What is the Waste Challenge?

Your challenge is to develop a concept for a smart community featuring energy self-sufficiency and suitable storage and distribution systems for renewable electricity.

• How can innovative renewable energy concepts, such as solar facades, be leveraged as enablers of self-sufficient sustainable communities?
• What could an innovative network within a self-sufficient community look like? How can we enable a stable storage and distribution solution for electric energy?
• What regulatory and societal challenges could one face during the realization of smart self-sustainable cities?

Who is behind this challenge?

ENVELON offers an innovative system for solar active façades under the umbrella of the multinational Grenzebach Group. Since its founding, a team of experienced experts from various fields, including automation and the glass and solar industries, has been working together on a shared vision: to provide Germany, Europe, and the world with technology that will enable the long-term generation of sustainable energy directly on buildings. In this context, we blend tradition and innovation to deliver products and services of the highest quality and performance –we deliberately produce our façade panels in Hamlar, in the Donau-Ries region of Bavaria. As a family business with strong convictions, we are therefore bringing the solar industry back to Germany and offering a flexible system “Made in Germany” –combined with an experienced and highly skilled network of international partners.

Desired Impact

The challenge aims to generate innovative concepts for smart, self-sufficient cities, serving as inspiration for various projects in the fields of renewable energy and urban planning.

Skills needed/recommended

Any background from engineering to sociology is suitable for this project. We are seeking a diverse team with a mix of technical and non-technical backgrounds.

Relevant considerations for the challenge/ theme

The challenge should focus on available renewable technologies, in particular photovoltaic energy.

Relevant links

Download the challenge description as pdf

Download the challenge presentation as pdf

ENVELON | Solar-active facades from Germany

Dr.-Ing. Thilo Becker: thilo.becker@grenzebach.com

Background on the Energy supply and demand: https://energy-charts.info/

Background for building integrated PV (German only): Allianz-BIPV-Info-Broschüre-final.pdf

Introduction

Global heating is one of the most urgent challenges we currently face as a society. Greenhouse gases, such as CO2 and Methane, are the primary drivers of climate change. Over 73 % of the world’s global greenhouse gas emissions stem from the energy sector. Within this, transportation and buildings are responsible for over 32 %. The creation of more sustainable communities based on renewable energy presents an enormous opportunity to address global greenhouse gas emissions and, consequently, the phenomenon of global warming.

Problem Definition

In contrast to nuclear or coal-fired power plants, the energy generated by renewable sources such as wind power or photovoltaics (solar energy) is not constant over time.
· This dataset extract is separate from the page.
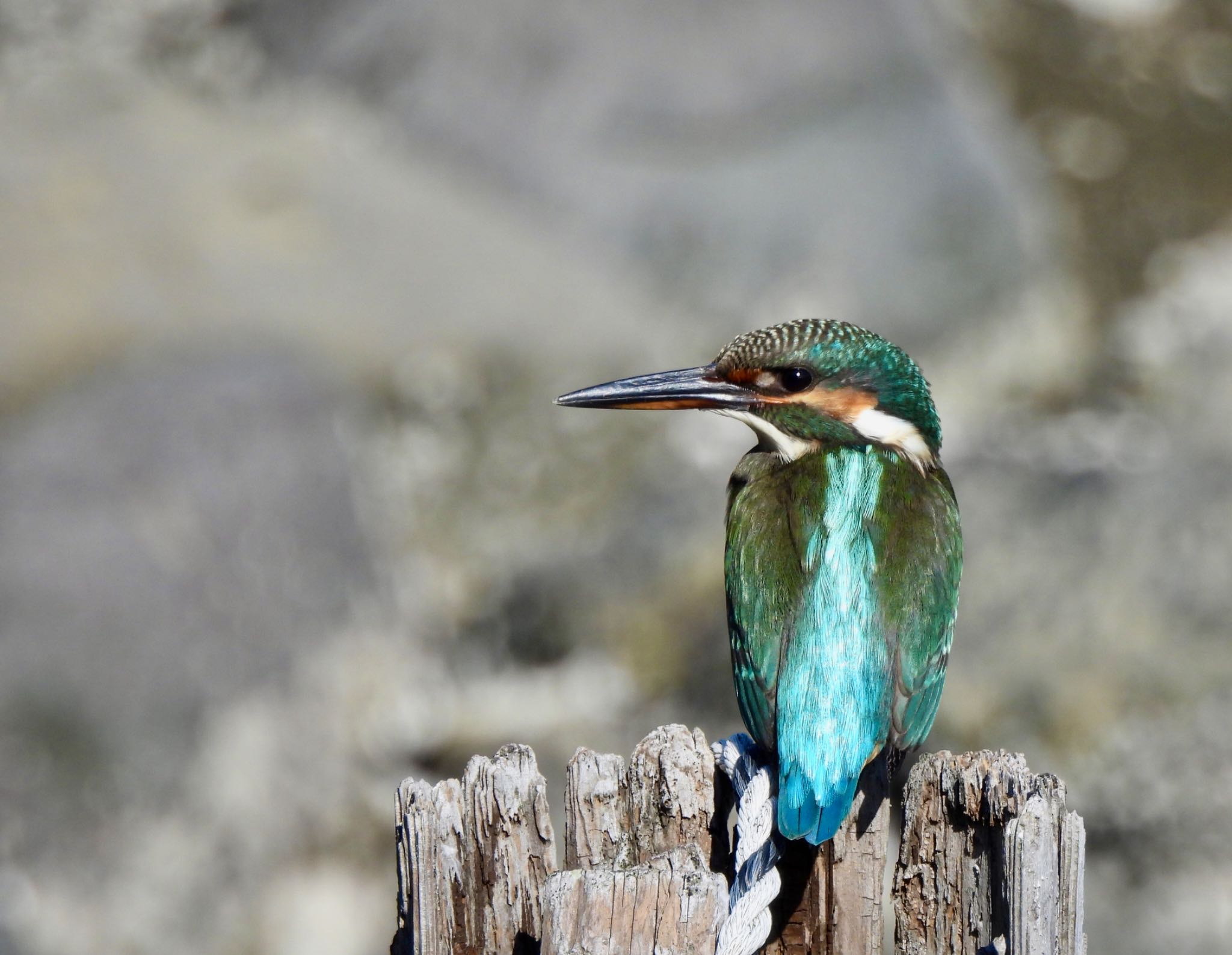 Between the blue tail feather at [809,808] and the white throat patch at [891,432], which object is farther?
the white throat patch at [891,432]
Photovoltaic systems, for example, can only generate electricity during daylight hours. Feed-in tariffs encourage operators of photovoltaic systems to generate as much electricity as possible, regardless of the grid's load. Large photovoltaic power plants are therefore typically built to face southwards to optimize the total energy yield throughout the day. Especially in the summer, this leads to overproduction around noon and a very low share of solar electricity in the morning and evening, as well as in winter.

Solarfaçades differ from such photovoltaic power plants, as the solar panels are arranged vertically, maximizing their output during times when the sun is low on the horizon. This occurs in winter, as well as in the mornings and evenings. While the overall power output is thus lower compared to a conventional photovoltaic power plant, the energy is produced more evenly throughout the day and year. This reduces the stress on the electricity grid and facilitates the direct use of energy within a building. However, current incentives for renewable energies, such as feed-in tariffs, do not promote this highly sustainable way of photovoltaic energy production.

What is the Waste Challenge?

Your challenge is to develop a policy paper to promote photovoltaic power plants and solar facades optimized for homogeneous energy production and a more stable grid.

• What incentives could be used to promote solar facades?
• How do typical load profiles in a building/city/country compare to the output of a conventional photovoltaic power plant and a vertical photovoltaic system, such as a façade?
• What would be the ideal mix of conventional photovoltaic power plants and vertical photovoltaic systems, such as façades?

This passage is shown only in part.